If I got this it would allow for Steve to freely pursue working overnights at Rainbow, because he's been cashiering for 4 years there (and maintenance for two previous to that) and he's sick of people's bullshit. He's friends with the night manager, who has periodically offered him positions jokingly or pointed out when they were hiring. He put a note in to discuss the idea of switching to overnights. The gears are in motion, fingers crossed I get chosen. I interview well, but since I need this job BADLY I'm actually nervous. Usually I'm pretty cocky about them because I can be really personable and I know what people want to hear. My parents definitely taught me well on that front; it's helped me out of tight spots more than once. But I feel like this is so dire. *deep breaths*

Another reason why I need this is that having 6 days off is really wearing on me. I spend almost all of my time until Steve gets home at like 11pm sleeping. Even if I have stuff to do. It's definitely having a progressively depressive effect on me. I need something to keep me stimulated.
spritechan: (Vivi FFIX)
Everything has just been so good lately, I feel like I'm waiting for something to unravel.

That's the thing, too. My family life is shot to hell, but since it's not an everyday part of my life, it doesn't really count.

Steve and I completely finished my apartment on Friday. Took the rest of the stuff out, cleaned every nook and cranny we could find, and shampooed the carpets. Now I just have to go to the final walkthrough next Wednesday and I'm good to go! What a relief.

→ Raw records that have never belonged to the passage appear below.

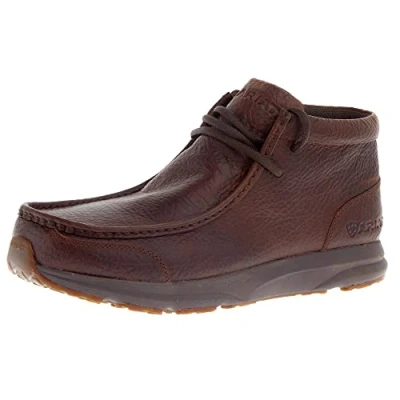 Image of ARIAT Men&#039;s Spitfire, Deepest Clay, 9 US
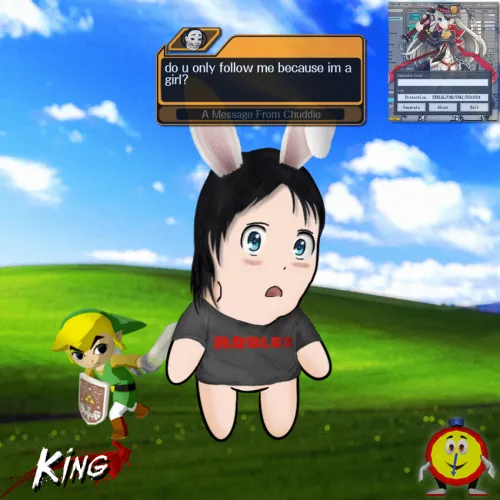Chuddies Melee
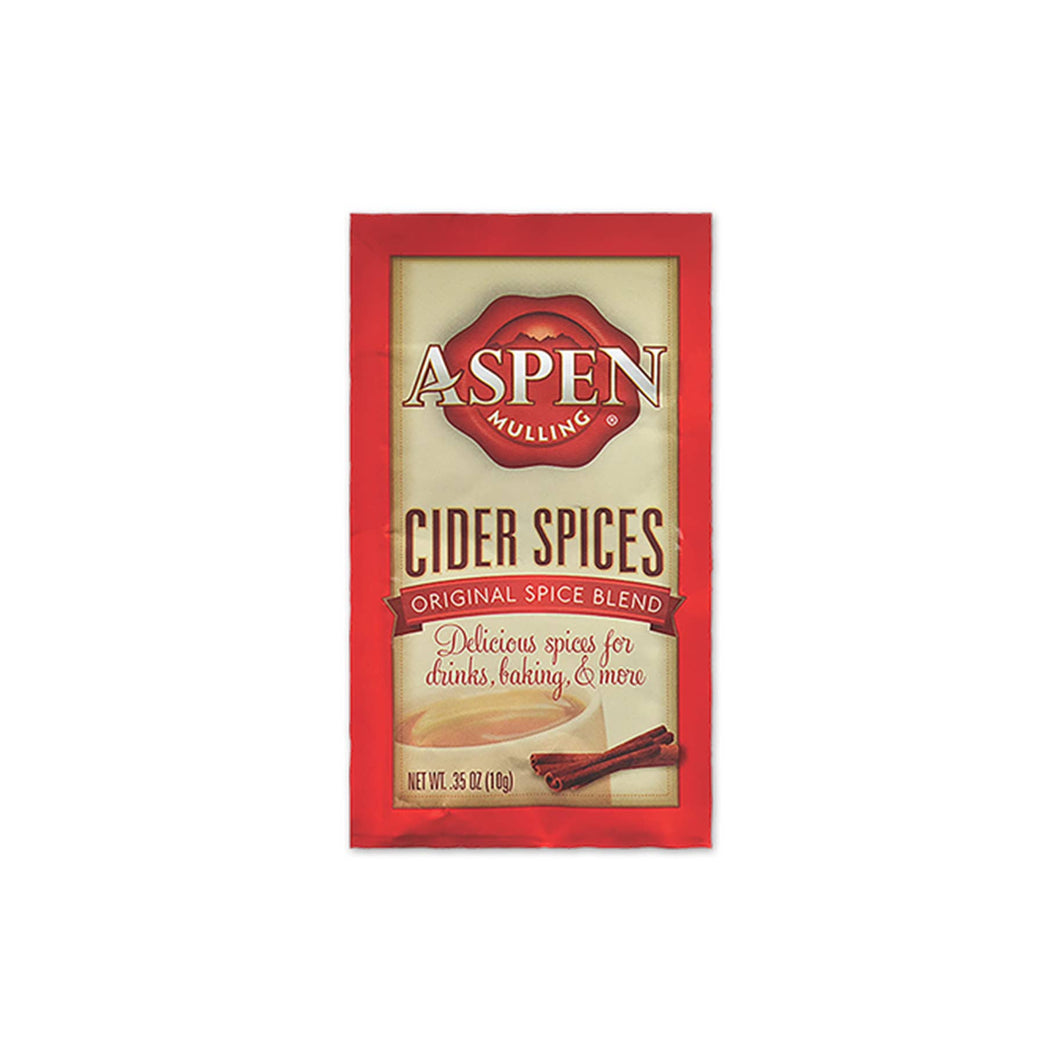 Aspen Mulling Spices - Original - Single Serving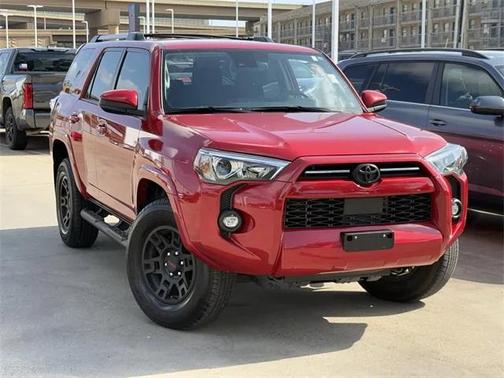 2024 Toyota 4Runner SR5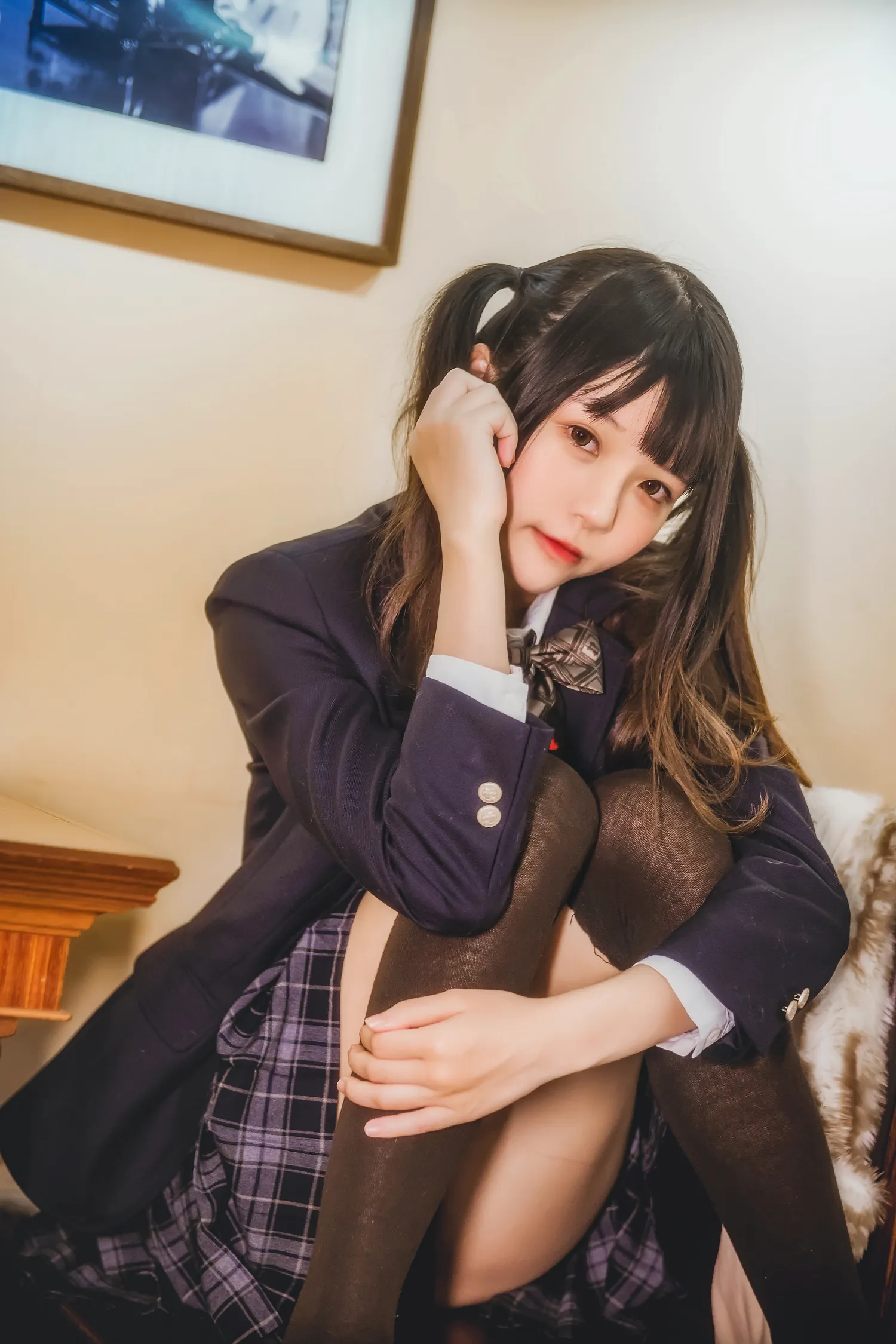 桜桃喵 – NO.014 小少女 小小少女 NO.0000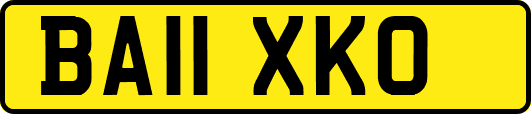 BA11XKO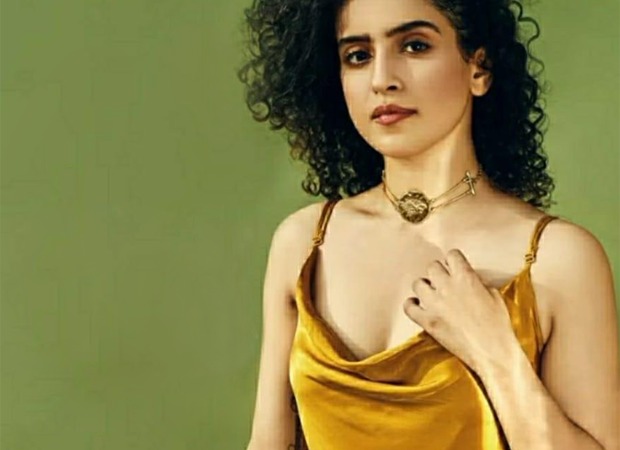 Sanya Malhotra mesmerizes on the digital cover of Grazia magazine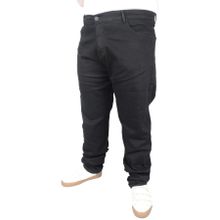 Mode XL 21920 Black Siyah Erkek Kot Pantolon
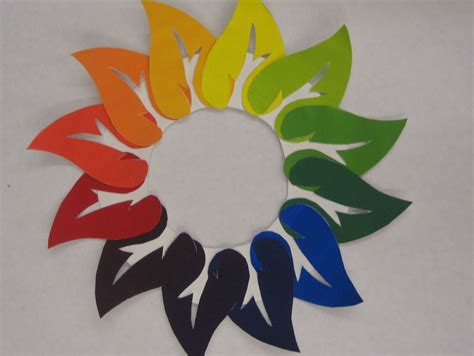 Pin by Samantha Uytioco on Color Wheel Designs | Color wheel art, Color ...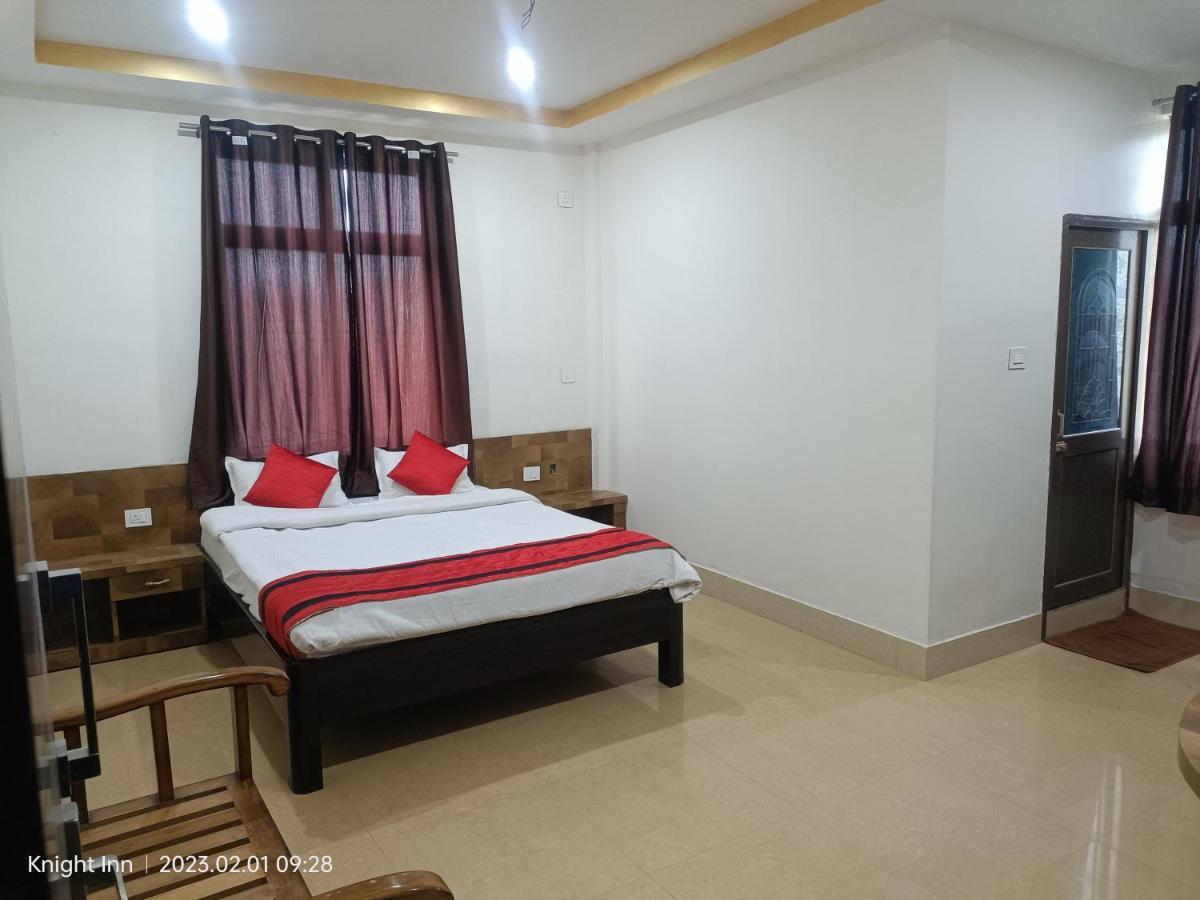 Hotel Knight Inn Airport Guwahati Dış mekan fotoğraf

I beat Final Fantasy IX on Thursday I believe (my icon is a celebration of such - I love Vivi!) after almost 70 hours of gameplay. The ending hit me a lot harder than I expected. I didn't think I was nearly as attached to the characters as I am. I welled up pretty badly though :P

I have an interview for an unpaid internship with a center that tries to put abusive families back together. It sounds really, really good and since I'm pretty much unemployed as it is and I won't be going to school this summer, dedicating a lot of my time interning and trying to assert my way into a job there sounds like a good project. If anything, it's good experience in the field I ACTUALLY want to work in. I've had my foot in the door working in mental health and chemical dependency since I was 18, and now I want in the house, dammit! My degree is in violence, and specifically family violence. Give it to me plz. :)

Steve will probably have to go back to school sometime in the near future, and I KNOW I'll be going back soon after I graduate to take single classes of my choosing, as I actually love school when I can focus on one thing I enjoy, versus three in order to keep insurance. I want more knowledge of violence and abuse, and language.

I am filled to the brim with love. It's an overwhelming feeling to have it all the time. I feel like I'm suffocating, but in a good way.
spritechan: (AngelMort Rika)
Instead of spending this evening knitting or playing pokemon like I intended, I spent the evening applying to jobs (and sending any interesting ones I came across for Steve his way), updating all my job seeker websites, and completely re-doing my resume (I totally stole your template, Suzi, I hope you don't mind!).

I am the poorest I can remember since before I had steady jobs (I have about $50 to last me until Friday), I have bills to pay (although that's lesser and most aren't due til the middle of the month), I have 2 books I desperately need for one of my classes that I still can't afford, and I owe Steve about $400, give or take $20 (he really is amazing for spotting me that!).
 
I need to get another job, and more urgently, I need to get paid!!